Cohousing – designed for these times?
“Hardwoods throughout. Hand-painted Spanish tiling.” I read down the list of amenities for this 3-bed, 2.5-bath, $240,000 townhouse. “Installed wine cooler. Double shower. Organic farm.” Organic farm? Whoa, read again.
“Ecologically-minded, community-focused, and family-friendly, ours is an intentional community established in 2000. With 68 households, it is a real community where neighbors know each other, kids play together safely, and people and nature work together to create a peaceful habitat.”
This is a cohousing community. There are over 200 of them listed in the cohousing directory – far more if you include ecovillages, urban housing cooperatives, intentional living, alternative communities, cooperative living, and other arrangements. I looked through the list to see how a cohousing community, planned from the start, might provide some of the resilience and self-reliance that many of us are trying to create retroactively in our neighborhoods.

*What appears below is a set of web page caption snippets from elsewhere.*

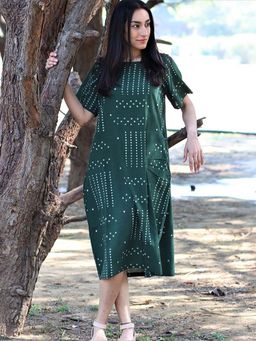Chidiyaa - Green Pure Cotton Printed Midi Dress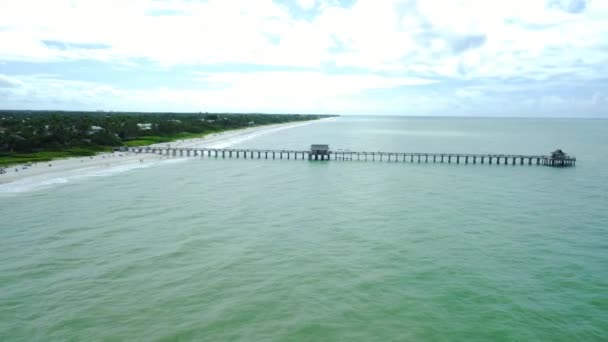 Beautiful Aerial Drone Footage Port Naples Beach Sunny Day Fiori — Video Stock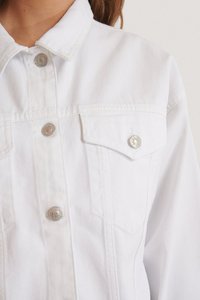 Vestes en jean à col rabattu, prix raisonnable, vente en gros OEM, vestes en jean bleues courtes, mode vintage, vestes en jean délavées pour femmes - Product Image 4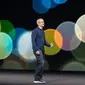 Tim Cook buka suara tentang harga iPhone X yang dianggap terlalu mahal (Sumber: Ubergizmo)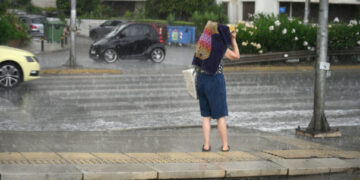 Κακοκαιρία: Ισχυρές βροχές και καταιγίδες σε Πελοπόννησο και Αττική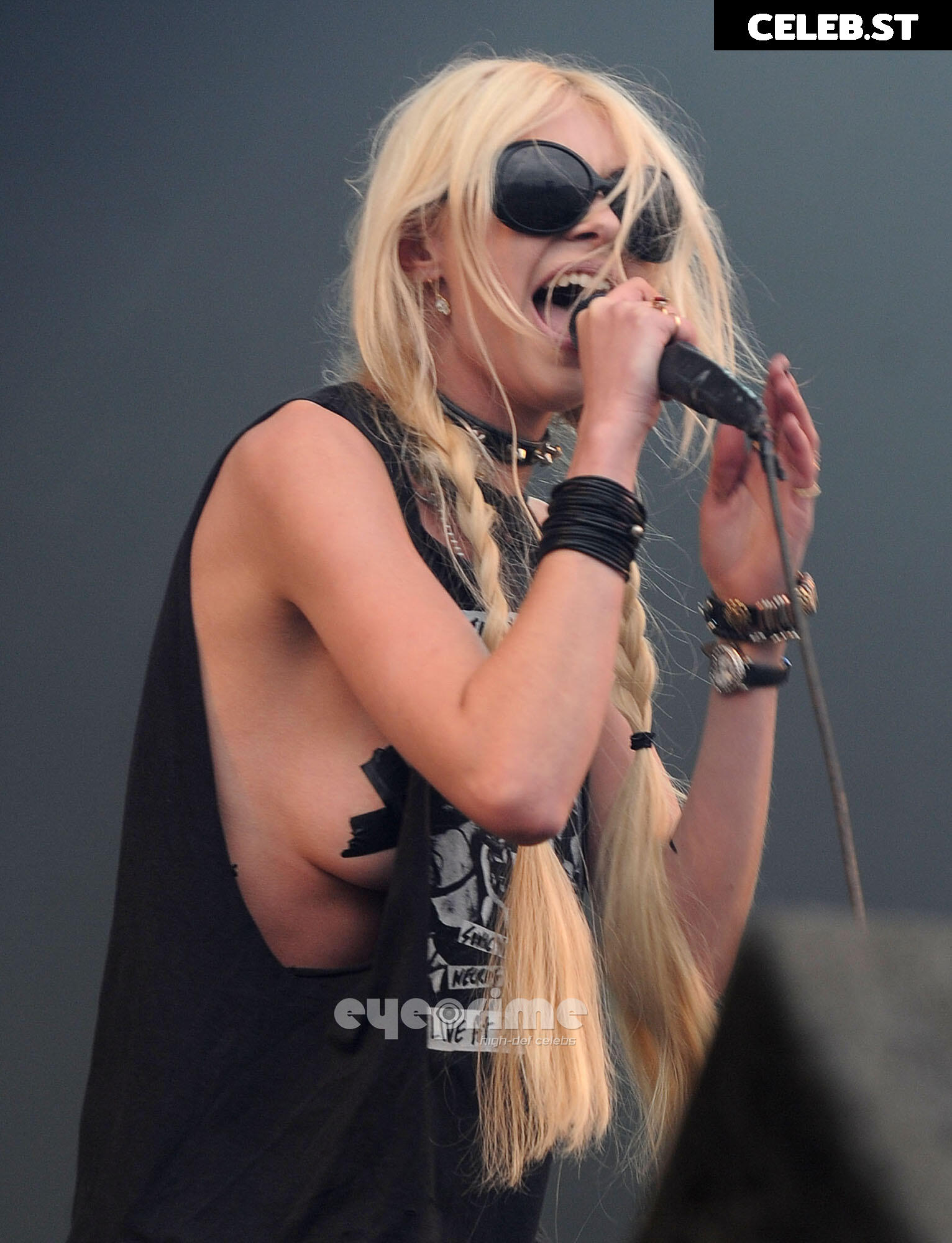 Taylor Momsen Image 2726924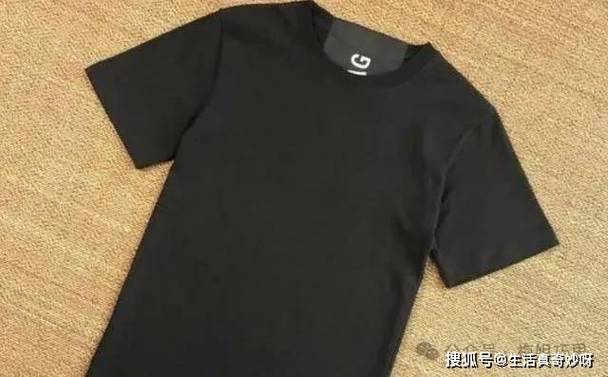 黑色衣服怎么恢复原来的颜色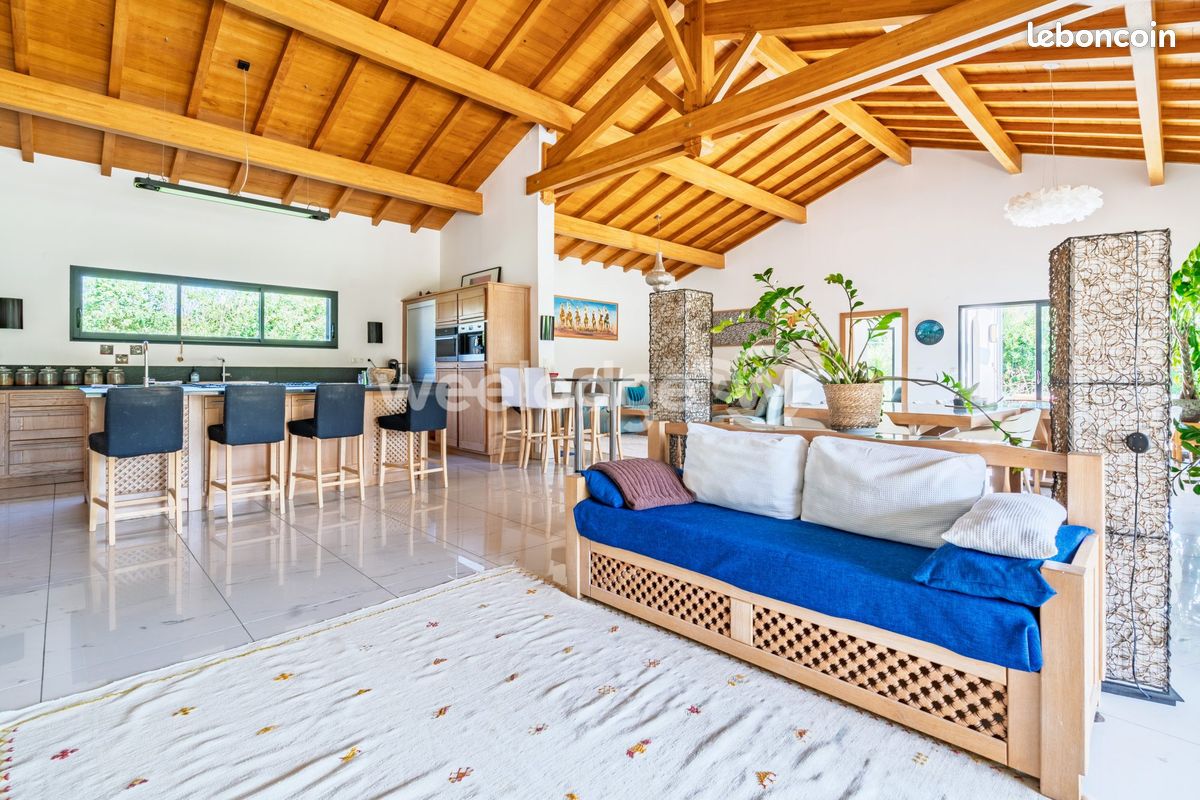Propriété 6 pièces 271 m² (image 4)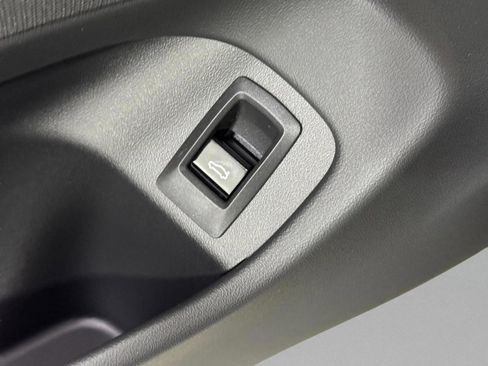 New 2026 BMW 530i xDrive w/ Convenience Package image 23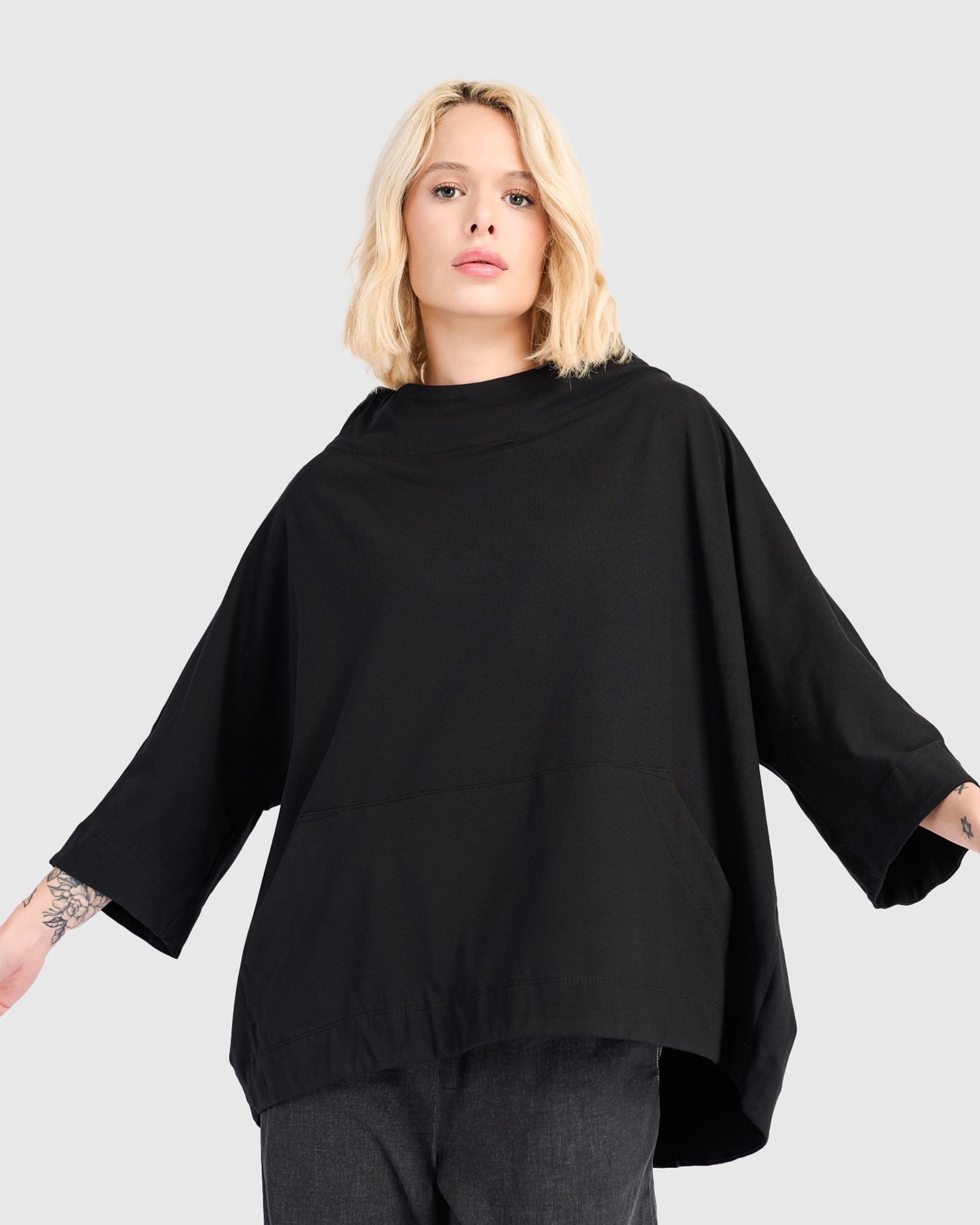 סווטשירט קייצי שחור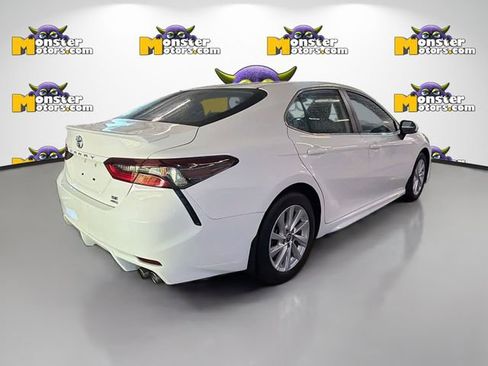 Used 2023 Toyota Camry SE AWD/4WD image 4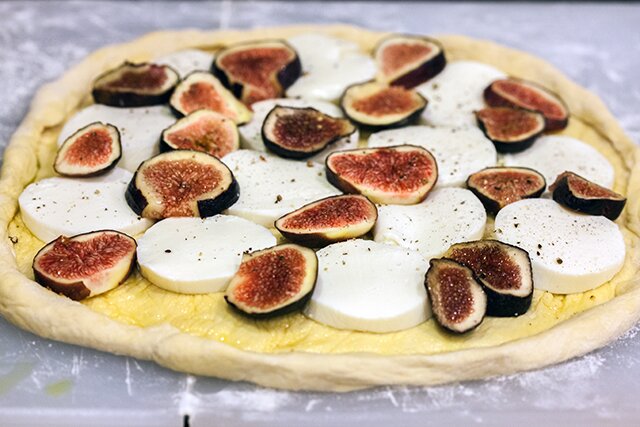 Fig and Prosciutto Pizza with Balsamic Drizzle | www.spachethespatula.com #recipe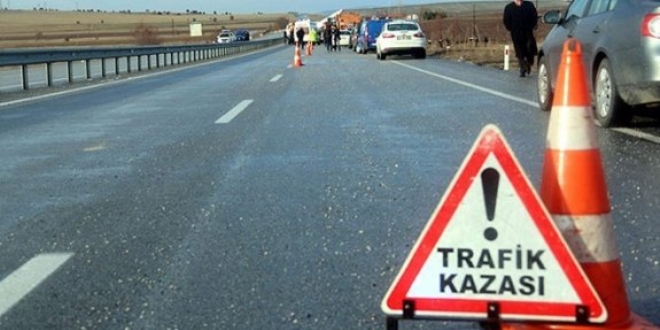 Kaza yapan öğretmen hayatını kaybetti
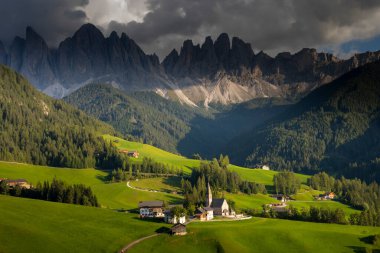 Santa Maddalena Kilisesi, Kirche St. Magdalena, Val di Funes Vadisi, Dolomiti Dağı, Santa Magdalena Alta, Güney Tyrol, İtalya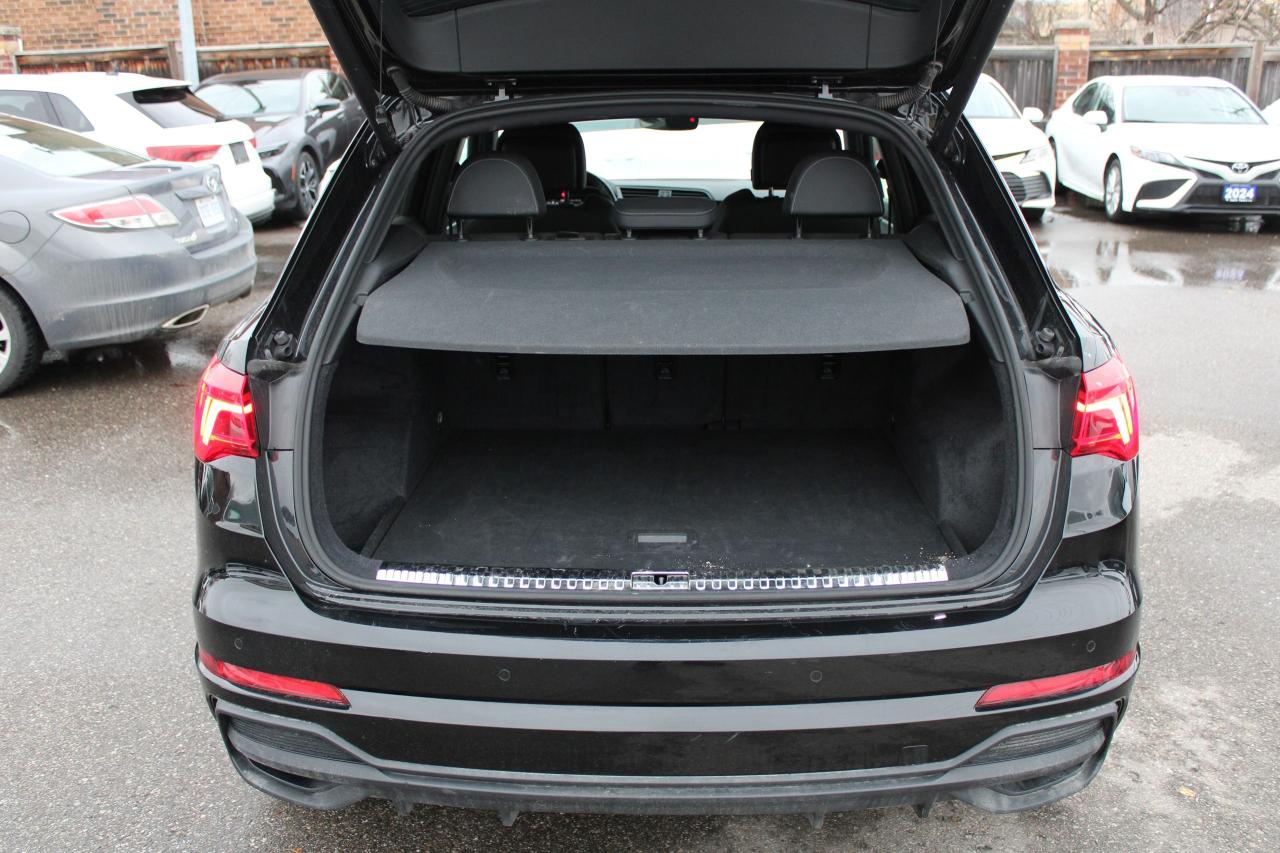 2024 Audi Q3 Progressiv 45 TFSI quattro Photo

For instance:
Lower heating/cooling costs Quite a few of the cohousing communities, like Ecovillage at Ithaca, NY, were built with energy conservation as a priority.
Reduced transportation fuel costs: Walkscores on six of the properties ranged from Southside Park in Sacramento at 83 (Very walkable) to Nubanusit in Peterborough, NH at 18 (Car dependent), although the latter does include office and studio space.
Increased food security: Most cohousing groups have some vegetable garden plots available, to provide “1-5% of residents’ food needs.” East Lake Commons in Atlanta includes a three-acre separately-farmed CSA (“6-20%”).
Access to jobs: Many cohousing communities lie in urban settings with a surprising number, like Delaware Street Commons in Lawrence, KS, in college towns, a bonus for job security.
Shared costs and skills: With maintenance and yard work often done by the community, weekly community meals, an emphasis on childcaring and eldercaring, a community workshop and playground, the chance to share transportation, and unusually neighborly neighbors, I can imagine cost savings left and right.
Check the cohousing and intentional community directories. Some regions offer multi-community tours. Cohousing is not for everyone. But with economic, environmental, and social pressures building, members of these communities are in a better position than most of us to navigate financial and lifestyle dangers.